Robustness evaluation measures how model risk changes when the test distribution, prompt surface, subgroup, or adversary changes.

This notebook is the executable companion to notes.md. It uses synthetic data so the evaluation mathematics can run anywhere without external files.

Code cell 2

import numpy as np
import matplotlib.pyplot as plt
import matplotlib as mpl

try:
    import seaborn as sns
    sns.set_theme(style="whitegrid", palette="colorblind")
    HAS_SNS = True
except ImportError:
    plt.style.use("seaborn-v0_8-whitegrid")
    HAS_SNS = False

mpl.rcParams.update({
    "figure.figsize":    (10, 6),
    "figure.dpi":         120,
    "font.size":           13,
    "axes.titlesize":      15,
    "axes.labelsize":      13,
    "xtick.labelsize":     11,
    "ytick.labelsize":     11,
    "legend.fontsize":     11,
    "legend.framealpha":   0.85,
    "lines.linewidth":      2.0,
    "axes.spines.top":     False,
    "axes.spines.right":   False,
    "savefig.bbox":       "tight",
    "savefig.dpi":         150,
})
np.random.seed(42)
print("Plot setup complete.")

Code cell 3

import math

COLORS = {
    "primary":   "#0077BB",
    "secondary": "#EE7733",
    "tertiary":  "#009988",
    "error":     "#CC3311",
    "neutral":   "#555555",
    "highlight": "#EE3377",
}

def header(title):
    print("\n" + "=" * 80)
    print(title)
    print("=" * 80)

def check_true(condition, message):
    print(f"{'PASS' if bool(condition) else 'FAIL'} - {message}")
    assert bool(condition)

def check_close(actual, expected, tol=1e-8, message="values close"):
    ok = abs(actual - expected) <= tol
    print(f"{'PASS' if ok else 'FAIL'} - {message}: actual={actual:.6f}, expected={expected:.6f}")
    assert ok

def bootstrap_mean_ci(values, B=1000, alpha=0.05):
    values = np.asarray(values, dtype=float)
    idx = np.random.randint(0, len(values), size=(B, len(values)))
    boot = values[idx].mean(axis=1)
    lo, hi = np.quantile(boot, [alpha / 2, 1 - alpha / 2])
    return float(values.mean()), float(lo), float(hi)

def sigmoid(x):
    return 1 / (1 + np.exp(-x))

print("Evaluation helper functions loaded.")

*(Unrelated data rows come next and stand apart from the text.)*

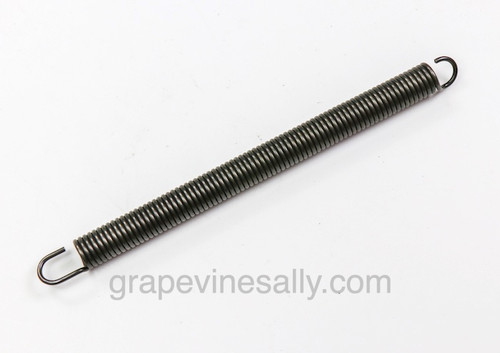 This is a NOS (New Old Stock) Vintage Antique Stove 7-1/2" Oven Door Spring.

This is a very solid spring - it is in excellent condition. Found on a variety of vintage and antique stove brands.

MEASUREMENTS: Overall Length - 7-1/2"  /  Coil Length: 6-3/8"  /  Coil Width: 1/2"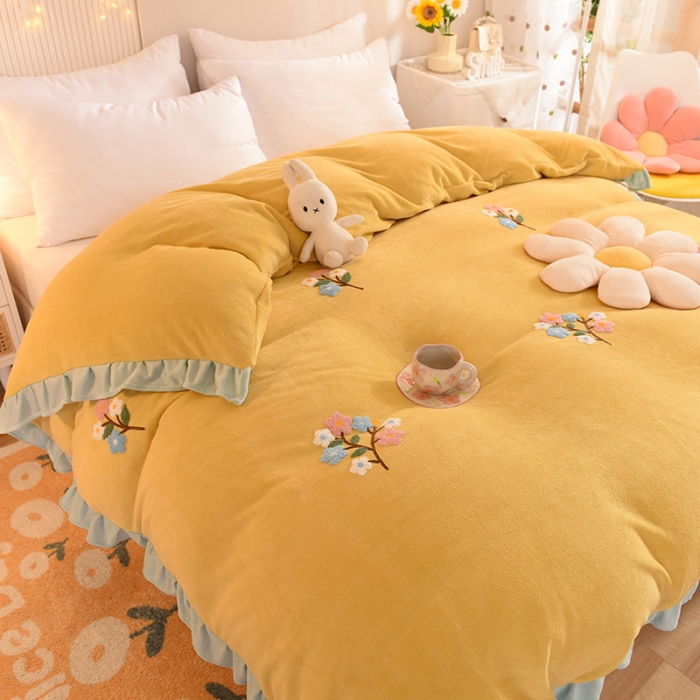 91家纺网 家纺一手货源 找家纺 甜之梦 2025新款毛巾绣牛奶绒被套 满天星嫩黄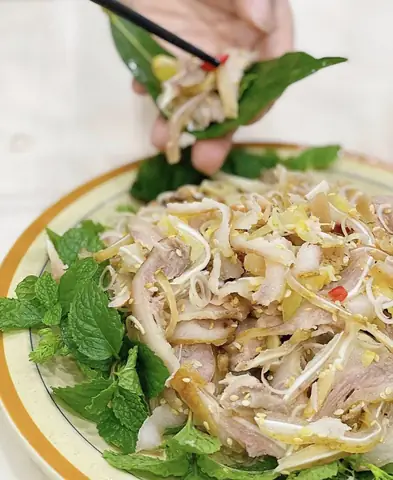 Bí Quyết Cách Làm Chạo Tai Heo Giòn Sần Sật Thơm Nồng Mùi Thính Bí Quyết Cách Làm Chạo Tai Heo Giòn Sần Sật Thơm Nồng Mùi Thính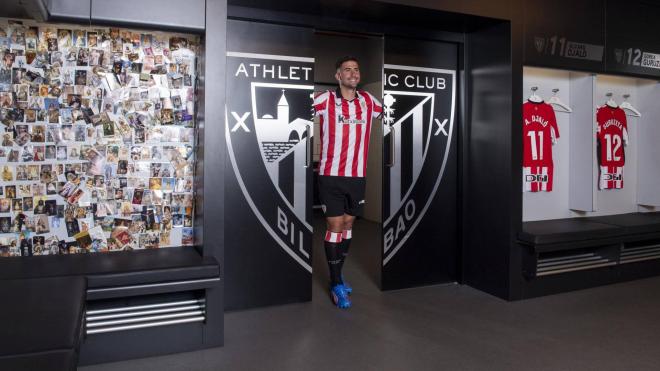 Jesús Areso entra al vestuario del equipo en San Mamés (Foto: Athletic Club).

Demo 1: Deployment changes the data distribution

This cell studies Deployment changes the data distribution through a small executable experiment. Focus on the estimator, the uncertainty statement, and the failure mode.

Code cell 5

header("Demo 1 - Deployment changes the data distribution: distribution shift")
train = np.random.normal(0.0, 1.0, size=(800, 2))
test = np.random.normal([0.7, -0.4], [1.2, 0.8], size=(800, 2))
train_mean = train.mean(axis=0)
test_mean = test.mean(axis=0)
shift_norm = np.linalg.norm(test_mean - train_mean)
fig, ax = plt.subplots()
ax.scatter(train[:200, 0], train[:200, 1], s=18, alpha=0.5, color=COLORS["primary"], label="train")
ax.scatter(test[:200, 0], test[:200, 1], s=18, alpha=0.5, color=COLORS["secondary"], label="test")
ax.set_title("Synthetic covariate shift")
ax.set_xlabel("feature 1")
ax.set_ylabel("feature 2")
ax.legend()
fig.tight_layout()
plt.show()
print(f"mean-shift norm={shift_norm:.3f}")
check_true(shift_norm > 0.2, "synthetic shift is detectable")

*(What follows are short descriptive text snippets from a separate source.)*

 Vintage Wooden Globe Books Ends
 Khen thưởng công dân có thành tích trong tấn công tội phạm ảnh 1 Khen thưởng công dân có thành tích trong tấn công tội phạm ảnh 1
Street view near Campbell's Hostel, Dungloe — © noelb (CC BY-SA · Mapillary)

Demo 2: Prompt surface as an input distribution

This cell studies Prompt surface as an input distribution through a small executable experiment. Focus on the estimator, the uncertainty statement, and the failure mode.

Code cell 7

header("Demo 2 - Prompt surface as an input distribution: worst-group risk")
groups = np.array(["A", "B", "C", "D"])
counts = np.array([500, 300, 120, 80])
risks = np.array([0.08, 0.11, 0.19, 0.27])
overall = np.average(risks, weights=counts)
worst = risks.max()
for g, n, r in zip(groups, counts, risks):
    print(f"group={g}, n={n}, risk={r:.3f}")
print(f"overall risk={overall:.3f}, worst-group risk={worst:.3f}")
check_true(worst >= overall, "worst-group risk upper-bounds weighted average risk")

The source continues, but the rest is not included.